32. Toutes choses que je ne vous ai pas racontées, à présent, bien qu’elles ne soient pas par elles-mêmes sans profit, sans avoir pour cela une raison spéciale, qui était de vous rendre capables de comprendre la signification d’un fait qui marqua le début de la marche de Clovis dans le sud contre les Wisigoths.

Ayant passé la Loire à Tours, il traversa les domaines de l’abbaye de Saint-Martin qu’il déclara inviolables, et refusa à ses soldats l’autorisation de toucher à rien, excepté à l’eau et à l’herbe pour leurs chevaux.
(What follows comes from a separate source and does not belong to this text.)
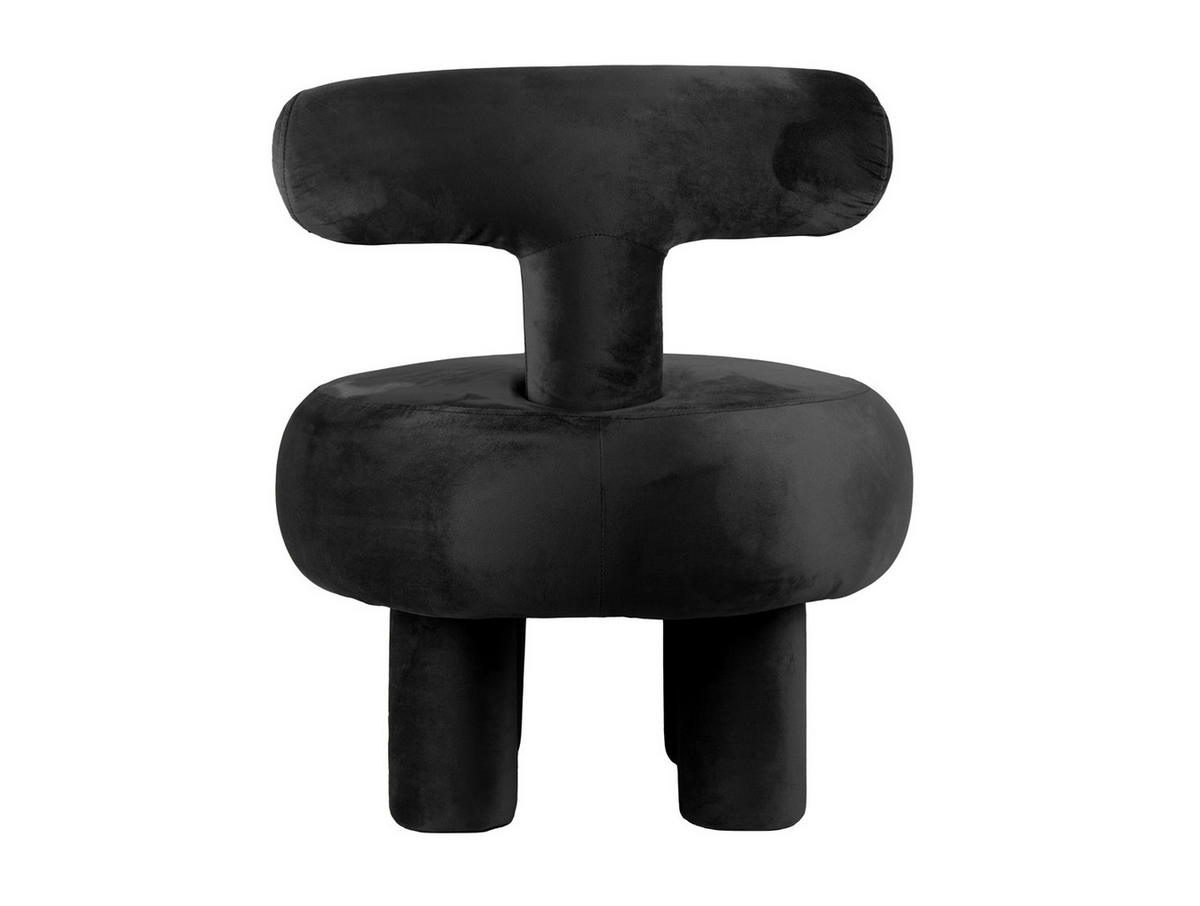 SESSEL Abrazo 58/58/67 cm - Schwarz, Textil (58/67/58cm) - Leitmotiv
Ses ordres furent si sévères et si inflexible la rigueur avec laquelle il exigea qu’ils fussent obéis, qu’un soldat franc ayant pris sans le consentement du propriétaire du foin qui appartenait à un pauvre homme, et disant en plaisantant « que ce n’était que de l’herbe », il fit mettre l’agresseur à mort, s’écriant qu’« on ne pouvait attendre la victoire, si l’on offensait saint Martin ».
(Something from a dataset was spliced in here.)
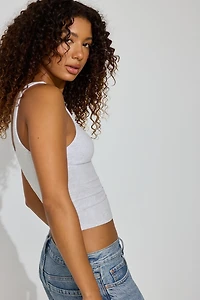 Square Neck Tank Top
33. Maintenant remarquez-le bien, ce passage de la Loire à Tours contient en puissance l’accomplissement des propres destinées du royaume de France et la devise de son pouvoir reconnu et sûrement établi est : « Honneur aux pauvres ! » Même un peu d’herbe ne

  1. Modern Painters, planche LXXIII. — (Note de l’Auteur.)